> _What you should do_:
Write out the stretch of lines below that begins at the line with "Reem Abdelgader 名字海报" and ends at the line with "ссал вчера? головка", including both, exactly as given and nothing more.

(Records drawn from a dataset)
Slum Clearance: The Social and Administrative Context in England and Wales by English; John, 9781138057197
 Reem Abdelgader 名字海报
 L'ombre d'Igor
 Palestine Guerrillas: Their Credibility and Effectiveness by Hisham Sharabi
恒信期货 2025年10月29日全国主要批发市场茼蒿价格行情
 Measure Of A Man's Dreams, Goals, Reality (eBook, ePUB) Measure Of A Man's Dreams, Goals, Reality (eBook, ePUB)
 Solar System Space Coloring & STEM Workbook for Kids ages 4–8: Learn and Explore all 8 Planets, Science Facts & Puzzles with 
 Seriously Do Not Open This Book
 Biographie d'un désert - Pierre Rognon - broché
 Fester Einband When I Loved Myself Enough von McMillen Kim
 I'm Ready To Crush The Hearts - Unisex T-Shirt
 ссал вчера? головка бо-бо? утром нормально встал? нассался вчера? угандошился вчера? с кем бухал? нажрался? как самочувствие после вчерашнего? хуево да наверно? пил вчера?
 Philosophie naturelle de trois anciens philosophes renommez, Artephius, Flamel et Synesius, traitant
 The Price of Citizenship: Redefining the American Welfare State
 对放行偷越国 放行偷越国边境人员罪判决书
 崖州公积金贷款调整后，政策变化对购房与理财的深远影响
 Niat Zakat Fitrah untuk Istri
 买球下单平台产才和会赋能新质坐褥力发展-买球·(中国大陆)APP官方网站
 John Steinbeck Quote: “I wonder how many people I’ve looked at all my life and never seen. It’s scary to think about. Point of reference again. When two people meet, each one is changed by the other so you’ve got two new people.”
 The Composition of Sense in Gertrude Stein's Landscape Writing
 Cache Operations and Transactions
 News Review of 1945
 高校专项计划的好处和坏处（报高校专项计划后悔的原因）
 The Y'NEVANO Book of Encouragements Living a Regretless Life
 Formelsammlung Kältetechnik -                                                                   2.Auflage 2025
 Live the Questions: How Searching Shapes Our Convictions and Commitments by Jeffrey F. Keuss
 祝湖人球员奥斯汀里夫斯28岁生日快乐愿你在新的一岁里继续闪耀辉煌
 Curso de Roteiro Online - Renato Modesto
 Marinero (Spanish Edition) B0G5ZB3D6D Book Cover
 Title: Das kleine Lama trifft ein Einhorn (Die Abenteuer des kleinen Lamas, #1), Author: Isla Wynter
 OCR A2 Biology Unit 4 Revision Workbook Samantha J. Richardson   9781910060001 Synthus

> _Solution to this problem_:
 Reem Abdelgader 名字海报
 L'ombre d'Igor
 Palestine Guerrillas: Their Credibility and Effectiveness by Hisham Sharabi
恒信期货 2025年10月29日全国主要批发市场茼蒿价格行情
 Measure Of A Man's Dreams, Goals, Reality (eBook, ePUB) Measure Of A Man's Dreams, Goals, Reality (eBook, ePUB)
 Solar System Space Coloring & STEM Workbook for Kids ages 4–8: Learn and Explore all 8 Planets, Science Facts & Puzzles with 
 Seriously Do Not Open This Book
 Biographie d'un désert - Pierre Rognon - broché
 Fester Einband When I Loved Myself Enough von McMillen Kim
 I'm Ready To Crush The Hearts - Unisex T-Shirt
 ссал вчера? головка бо-бо? утром нормально встал? нассался вчера? угандошился вчера? с кем бухал? нажрался? как самочувствие после вчерашнего? хуево да наверно? пил вчера?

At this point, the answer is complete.